# Help me choose a wireless bluetooth headset



## Sarath (Mar 4, 2012)

A few days ago, my beloved BT headset was taken away from me. It was, iirc a Nokia BH-609 (?) and worked well and still does but it's no longer with me and I need a replacement. 

Usage scenarios:

Mono
1. Driving *MOST IMPORTANT*
2. Sleeping (I talk and snooze)
Stereo
1. Driving
2. Sleeping
3. PS Vita - gaming

Criteria: 
*1. Good reception (sound quality for receiver and me)
2. Should preferably have a long full microphone. *
rest of the grouches I can live with

Since the BT never belonged to me, I was prepared for such a day (emotionally)
The choices I had in mind: mind you they do not mix well but still are what I desire, despite their comparisons being unfair.

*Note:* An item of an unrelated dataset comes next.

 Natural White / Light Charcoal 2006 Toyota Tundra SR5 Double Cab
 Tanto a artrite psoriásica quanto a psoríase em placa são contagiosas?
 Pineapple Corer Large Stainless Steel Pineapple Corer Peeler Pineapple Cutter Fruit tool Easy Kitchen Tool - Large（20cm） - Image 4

However this might need mention since I love the concept. I have always wanted something that would give me stereo sound without having to go for a full headset. Doesn't matter even if the sound is actually mono but streamed to both ears. It looks like this- 



Spoiler



*ecx.images-amazon.com/images/I/318F%2BC-1ZkL._SL500_AA300_.jpg



*Options:*


First up, overpriced beauties, I had intended would replace my trusty old Nokia BT 
1.Bose Bluetooth headset Series 2 -8k to 9k (Ok forget this one)
2.Sennheiser VMX 200 - 7k (I guess)​I don't know if I will be able to afford those (ever) so I had a few modest choices too:
3.Exact same Nokia BT that I used was the second choice; then these:
4.Plantronics-headset-m1100
5.Amazon.com: Plantronics Voyager 855 Bluetooth Headset (Black): Cell Phones & Accessories - (an option I never saw in retail)​
My first choice of a mono BT headset, it's this. Reason I don't have it is 'coz it's US exclusive and I need to wait for someone to drop by.
6.Tritton Switchblade​


Spoiler



*www.trittonusa.com/imgs/detail/switchblade/gal-02.jpg



Coming to stereo headsets which I have enlisted were/are:

1.Logitech wireless headset -3k - I wanted to get these for long but they are not exactly portable and since I have a SS V1 and Sony wireless headset already, I am not sure if this will make a good addition. 
2.Plantronics-headset-backbeat-903+ - this is among my strongest choices but complains about a weak microphone dashed my hopes (and is the reason for this thread actually)
3.Nokia BH 505  - these are good but I want something flexible​Some exotic choices:
Sennheiser MM100​

Rejected list:
Flipkart.com: Sony Ericsson Headset MW600: Headset
All BT without noise cancellation feature
All ill fitting BT headsets


----------------------

I am confused whether to go for stereo BT or mono BT headset 

I initially considered buying two headsets but that seems a waste of money. Not sure what to do now.


----------



## Sarath (Mar 5, 2012)

*BT headset?*

anyone


----------



## Vamsigov (Mar 5, 2012)

hai your blue tooth head set in under warranty period they replace it but, if it is not then you have to buy new one only with added features than before but in same brand you can try ok! 
go for it !


----------



## dashing.sujay (Mar 5, 2012)

When I was searching BT headset for my phone, I was lured by mw600 (IDK why you rejected), but the price kept me off. One thing I learnt, good BT headsets come at a price, so I dumped them and went for a wired one.


----------



## Lucky_star (Mar 5, 2012)

Why did you reject the MW600? Any specific reason? Read many good reviews about it and I'm planning to buy it(the black one) next month.


----------



## Sarath (Mar 5, 2012)

I want something like a proper BT headset, just to talk. Initially I though of getting the MW600 and connecting my IEMs to it. But I don't think it is any different from the normal headset in it's function. Also while driving it will be difficult to use. It's a nice device but not suiting my current requirements. 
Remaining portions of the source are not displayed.